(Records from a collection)

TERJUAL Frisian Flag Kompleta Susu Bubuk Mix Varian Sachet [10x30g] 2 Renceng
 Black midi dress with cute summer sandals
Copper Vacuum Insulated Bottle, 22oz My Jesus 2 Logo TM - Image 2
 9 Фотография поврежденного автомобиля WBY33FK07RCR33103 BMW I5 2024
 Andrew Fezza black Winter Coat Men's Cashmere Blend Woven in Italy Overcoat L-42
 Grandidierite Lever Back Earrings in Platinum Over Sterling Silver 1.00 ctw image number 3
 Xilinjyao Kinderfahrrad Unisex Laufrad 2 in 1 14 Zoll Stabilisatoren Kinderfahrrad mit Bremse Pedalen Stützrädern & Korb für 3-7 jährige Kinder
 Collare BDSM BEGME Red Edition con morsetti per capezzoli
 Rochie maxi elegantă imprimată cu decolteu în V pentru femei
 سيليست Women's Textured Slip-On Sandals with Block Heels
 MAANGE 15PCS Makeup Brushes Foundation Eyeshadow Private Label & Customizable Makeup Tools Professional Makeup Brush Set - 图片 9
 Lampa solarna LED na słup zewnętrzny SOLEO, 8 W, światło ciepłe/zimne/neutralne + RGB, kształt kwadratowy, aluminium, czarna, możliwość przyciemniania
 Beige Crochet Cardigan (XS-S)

** WORK INSTRUCTION **
Return all of the data word for word.

** ANSWER FOR THE TASK **
TERJUAL Frisian Flag Kompleta Susu Bubuk Mix Varian Sachet [10x30g] 2 Renceng
 Black midi dress with cute summer sandals
Copper Vacuum Insulated Bottle, 22oz My Jesus 2 Logo TM - Image 2
 9 Фотография поврежденного автомобиля WBY33FK07RCR33103 BMW I5 2024
 Andrew Fezza black Winter Coat Men's Cashmere Blend Woven in Italy Overcoat L-42
 Grandidierite Lever Back Earrings in Platinum Over Sterling Silver 1.00 ctw image number 3
 Xilinjyao Kinderfahrrad Unisex Laufrad 2 in 1 14 Zoll Stabilisatoren Kinderfahrrad mit Bremse Pedalen Stützrädern & Korb für 3-7 jährige Kinder
 Collare BDSM BEGME Red Edition con morsetti per capezzoli
 Rochie maxi elegantă imprimată cu decolteu în V pentru femei
 سيليست Women's Textured Slip-On Sandals with Block Heels
 MAANGE 15PCS Makeup Brushes Foundation Eyeshadow Private Label & Customizable Makeup Tools Professional Makeup Brush Set - 图片 9
 Lampa solarna LED na słup zewnętrzny SOLEO, 8 W, światło ciepłe/zimne/neutralne + RGB, kształt kwadratowy, aluminium, czarna, możliwość przyciemniania
 Beige Crochet Cardigan (XS-S)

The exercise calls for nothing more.